▸ The task:
An exact transcription of every record below is required, with the pictures left out.

[Stored dataset items]
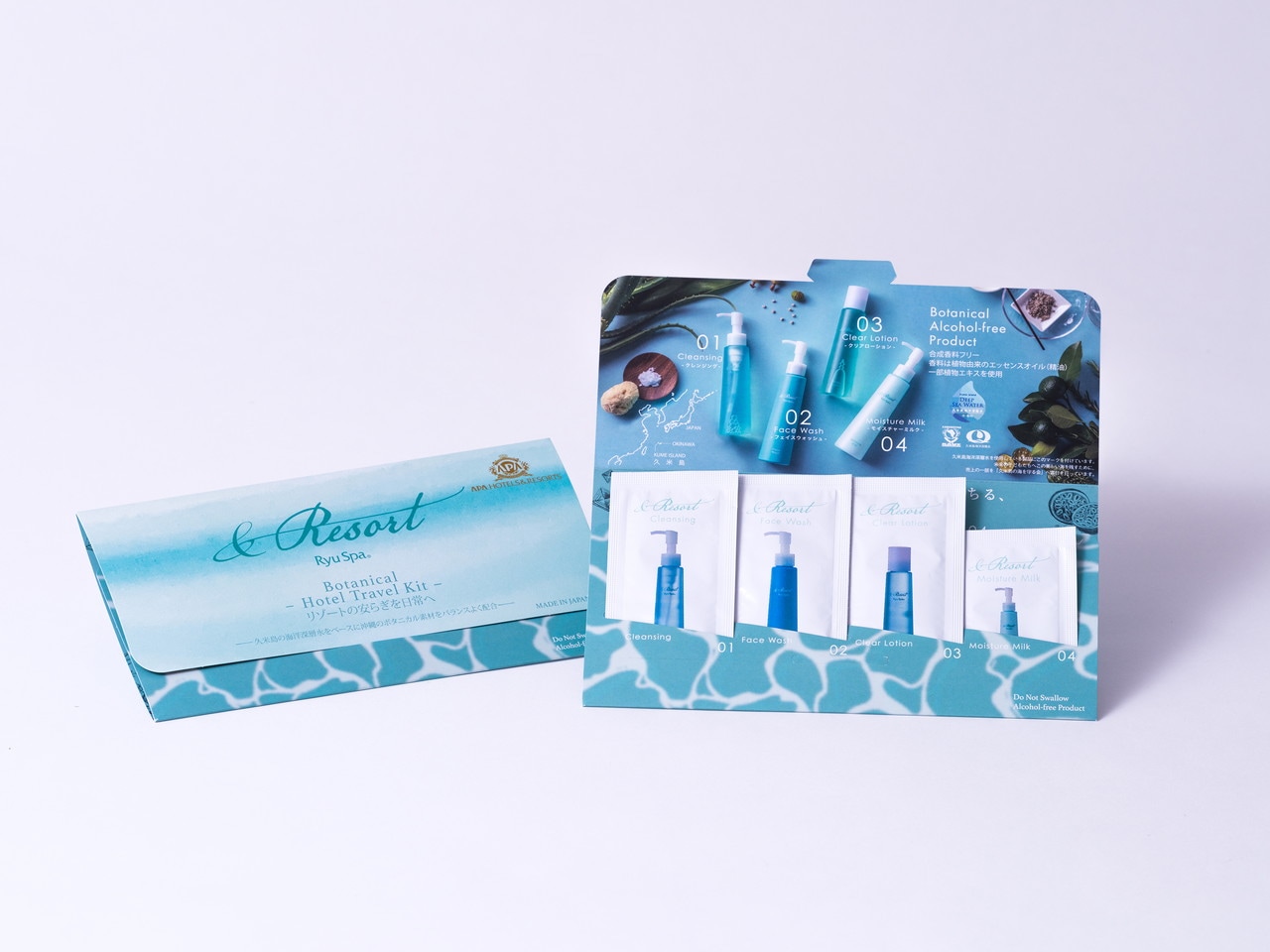 歯ブラシ・ひげそりは客室バスルームにご用意しております。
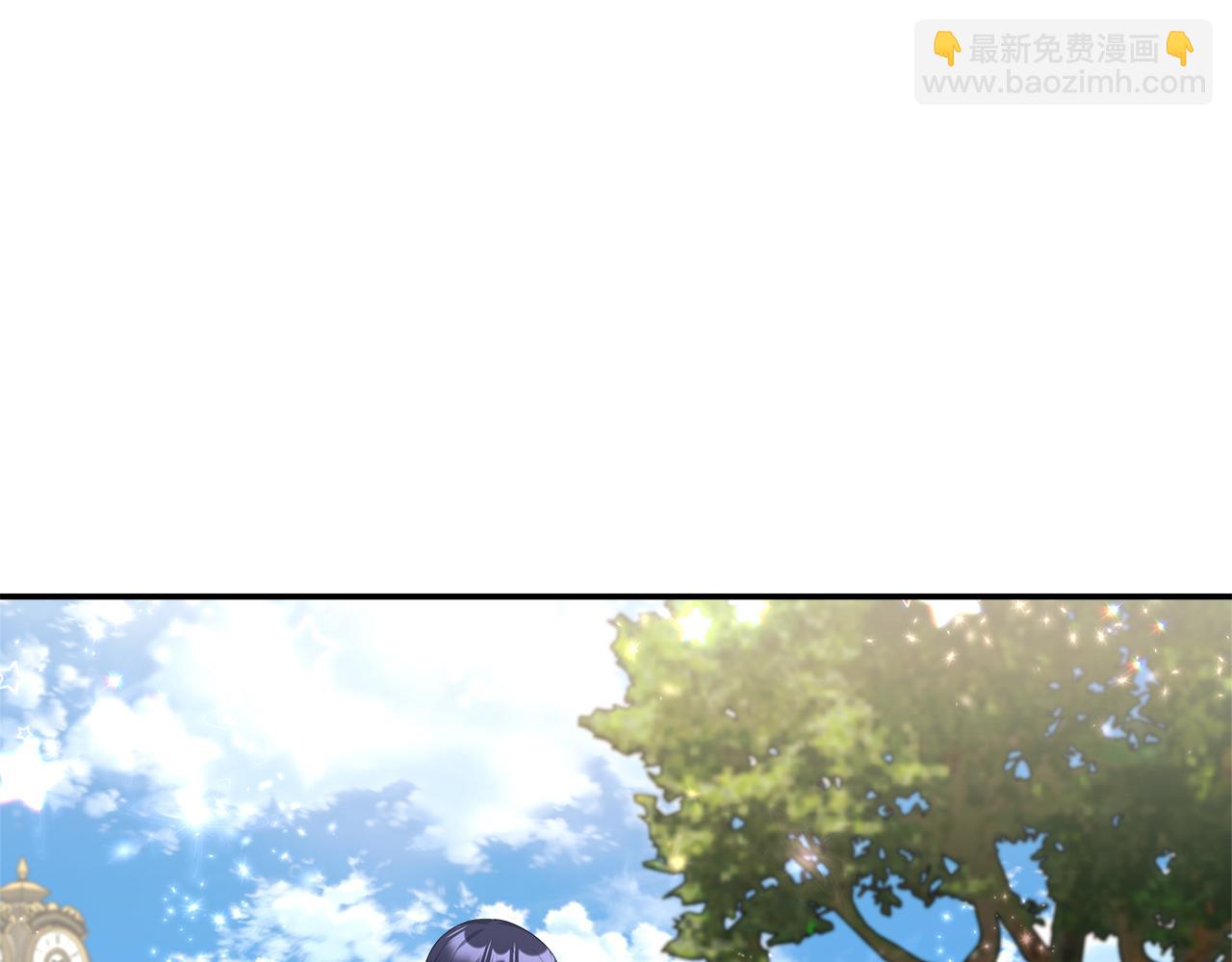 第36话 破解晶石(1/5)-第36话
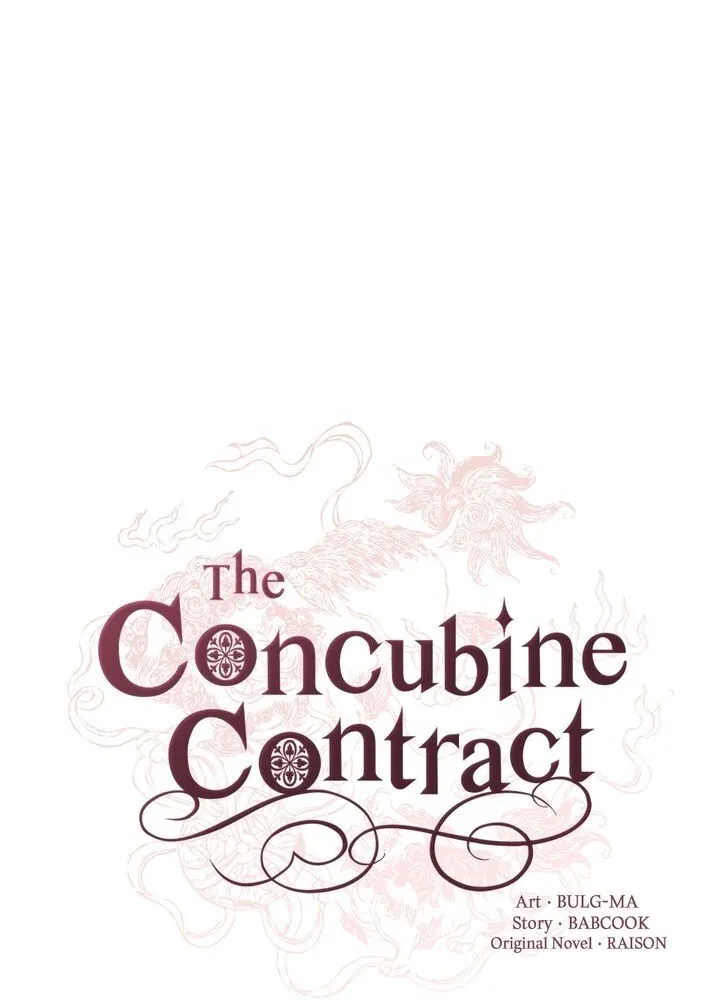 Contract Concubine Chapter 102 page 30 - MangaKakalot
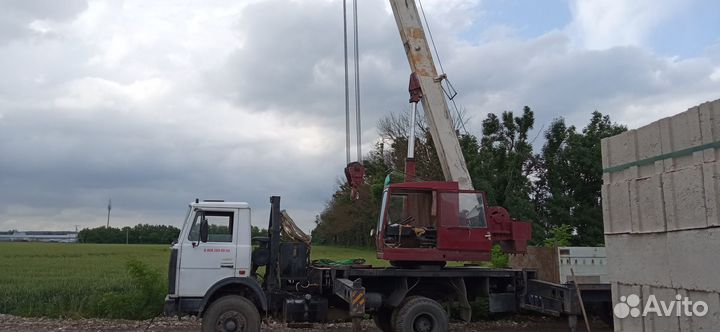 Услуги автокрана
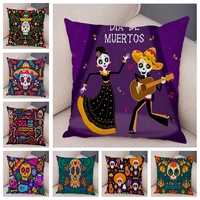 cartoon mexico flower skull print cushion cover decor day of the dead pillowcase for sofa home soft plush pillow case 45x45cm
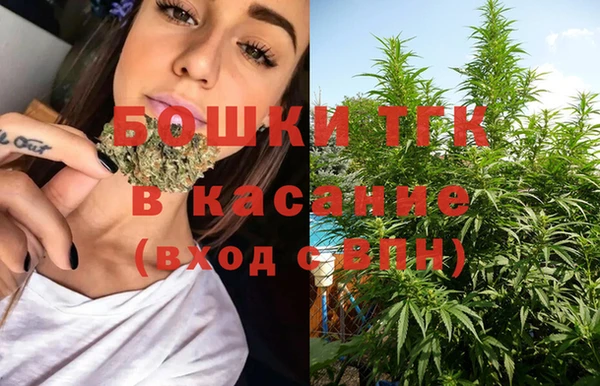 меф Заволжье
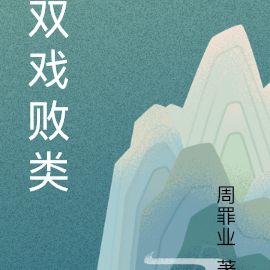 双戏败类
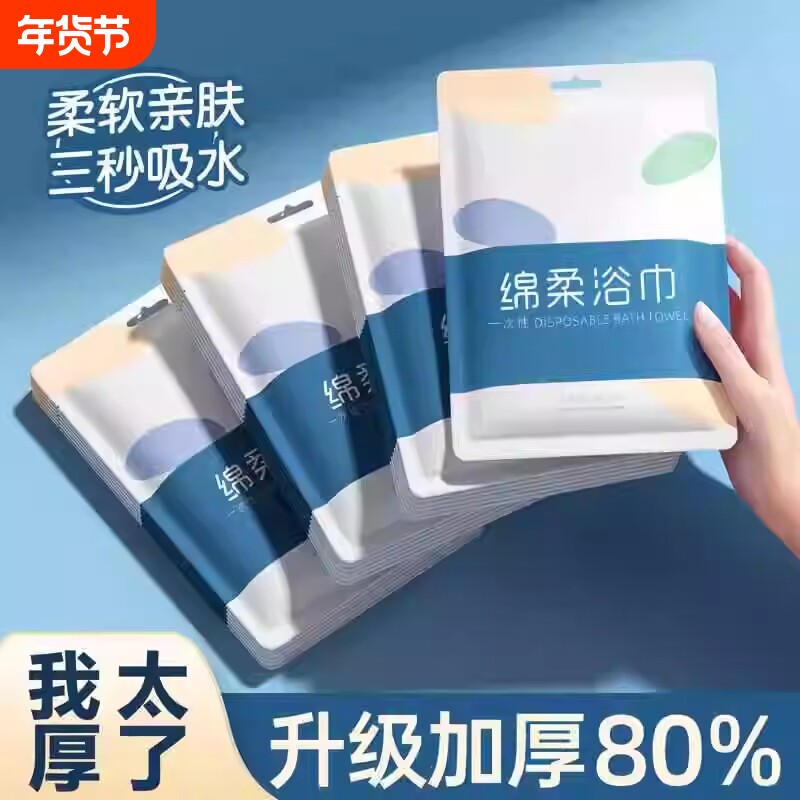 一次性浴巾毛巾套装出差旅行酒店专用独立包装不掉毛加厚加大压缩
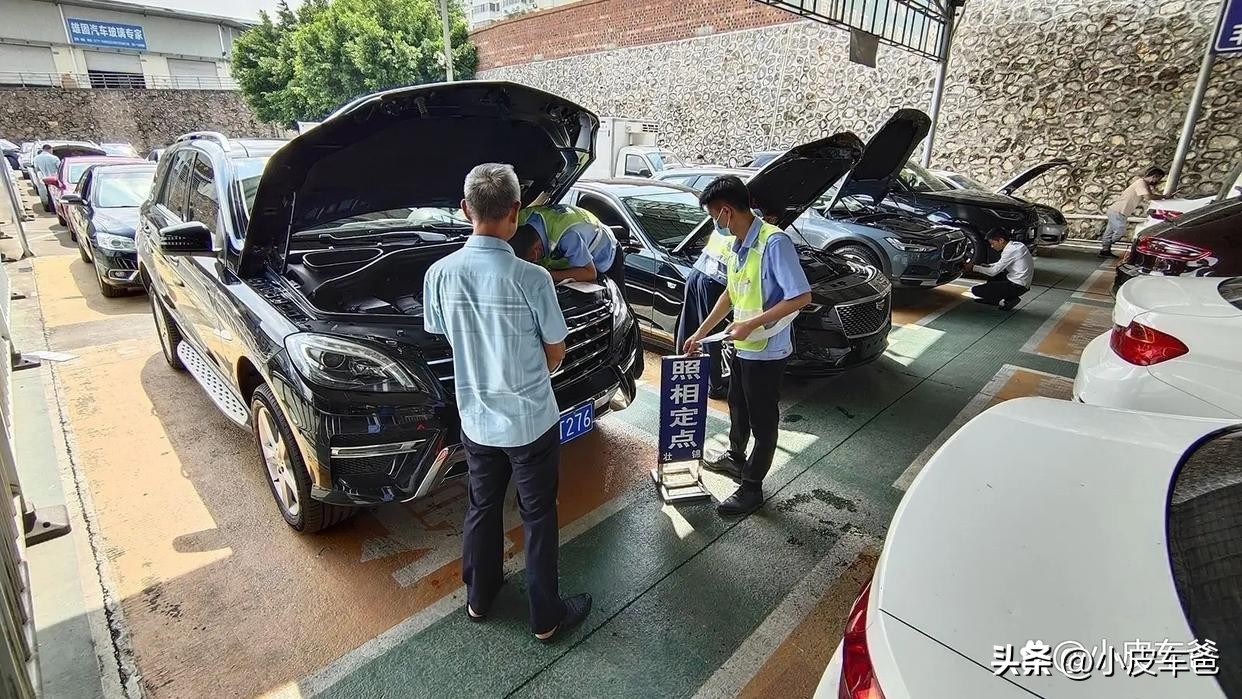 车牌变更手续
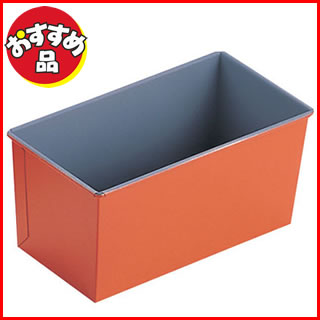 トッピングオレンジ パンパウンド ケーキ型 B-109(1斤)【 パン型 】 【 バレンタイン 手作り 】格安通販　バレンタイン　人気　ランキング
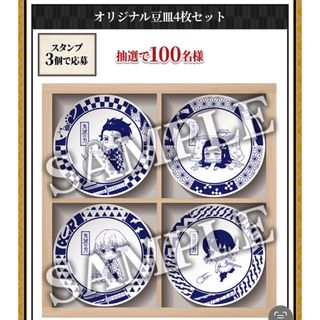 キメツノヤイバ(鬼滅の刃)の新品未使用 鬼滅の刃 100セット限定 小皿(その他)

▸ Answer for this exercise:
 歯ブラシ・ひげそりは客室バスルームにご用意しております。
 第36话 破解晶石(1/5)-第36话
 Contract Concubine Chapter 102 page 30 - MangaKakalot
 Услуги автокрана
 cartoon mexico flower skull print cushion cover decor day of the dead pillowcase for sofa home soft plush pillow case 45x45cm
 меф Заволжье
 双戏败类
 一次性浴巾毛巾套装出差旅行酒店专用独立包装不掉毛加厚加大压缩
 车牌变更手续
 トッピングオレンジ パンパウンド ケーキ型 B-109(1斤)【 パン型 】 【 バレンタイン 手作り 】格安通販　バレンタイン　人気　ランキング
 キメツノヤイバ(鬼滅の刃)の新品未使用 鬼滅の刃 100セット限定 小皿(その他)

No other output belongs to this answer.